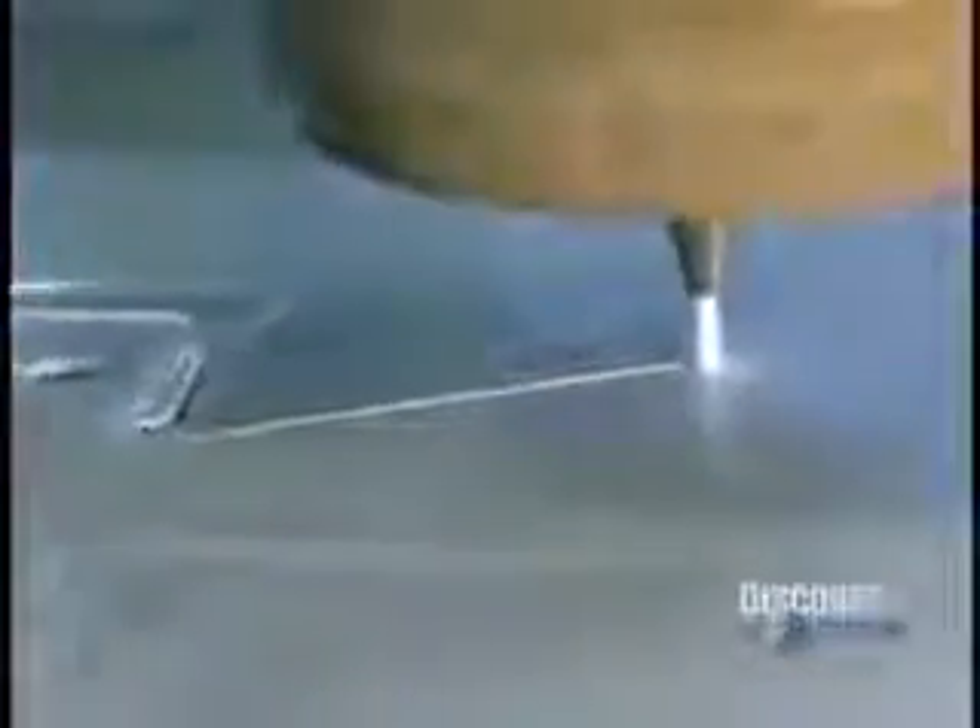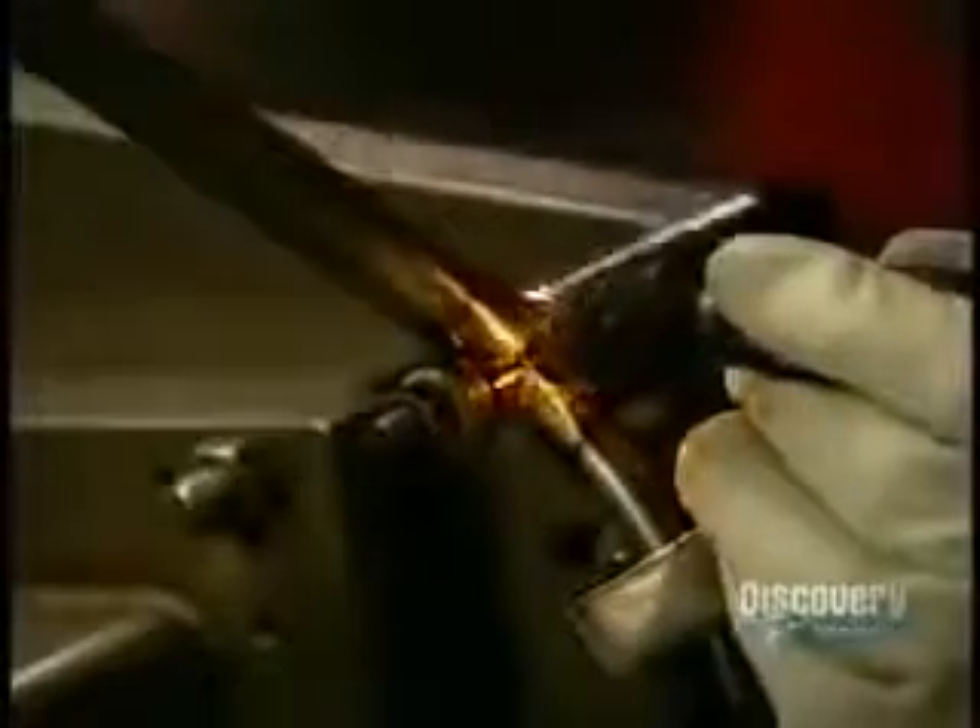Meanwhile, other workers assemble and test various components, such as the electrical system. A computer guides a machine to cut all the metal parts, such as the instrument panel. The cutting machine doesn't have a blade, but rather a sand and mortar chip that's powerful enough to cut through metal. A certified aircraft welder prepares the engine mount — the base that will hold the engine in place — made of high-grade carbon steel.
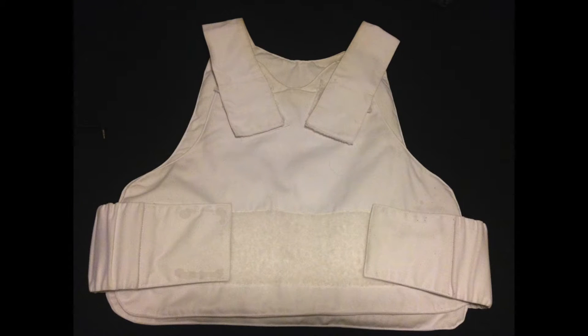This is the outer cover worn over the body. This version is a covert cover, typically worn under clothing, and it is made of cotton.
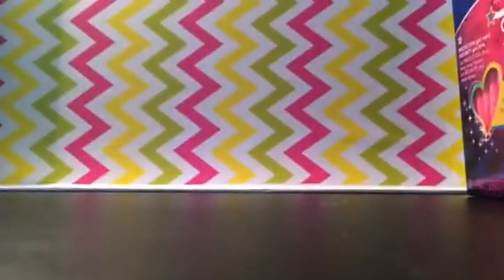When you open it, it opens like this — it's a little tuck-away thing. And so that's what it looks like. The packaging is just pink with hearts and swirls.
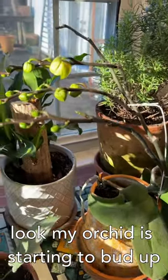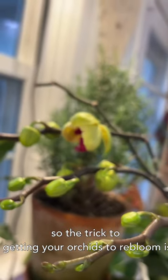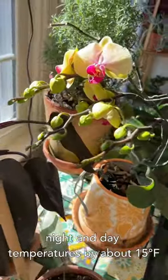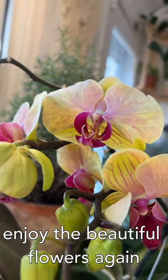Oh look, my orchid is starting to bud up. Oh look at that beautiful bloom. So the trick to getting your orchids to re-bloom is they need a difference in night and day temperatures by about 15 degrees Fahrenheit for almost six weeks, and then you get to enjoy the beautiful flowers again.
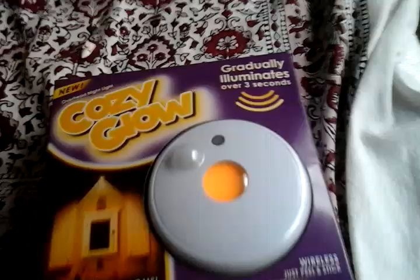This one turns on and off automatically. Warm ember light to guide you through the night. It gradually eliminates over 3 seconds. Wireless — just peel and stick. This one is wireless.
※
Without the pictures, retype each line of the records above exactly.

§ **Exercise answer**:
Meanwhile, other workers assemble and test various components, such as the electrical system. A computer guides a machine to cut all the metal parts, such as the instrument panel. The cutting machine doesn't have a blade, but rather a sand and mortar chip that's powerful enough to cut through metal. A certified aircraft welder prepares the engine mount — the base that will hold the engine in place — made of high-grade carbon steel.
This is the outer cover worn over the body. This version is a covert cover, typically worn under clothing, and it is made of cotton.
When you open it, it opens like this — it's a little tuck-away thing. And so that's what it looks like. The packaging is just pink with hearts and swirls.
Oh look, my orchid is starting to bud up. Oh look at that beautiful bloom. So the trick to getting your orchids to re-bloom is they need a difference in night and day temperatures by about 15 degrees Fahrenheit for almost six weeks, and then you get to enjoy the beautiful flowers again.
This one turns on and off automatically. Warm ember light to guide you through the night. It gradually eliminates over 3 seconds. Wireless — just peel and stick. This one is wireless.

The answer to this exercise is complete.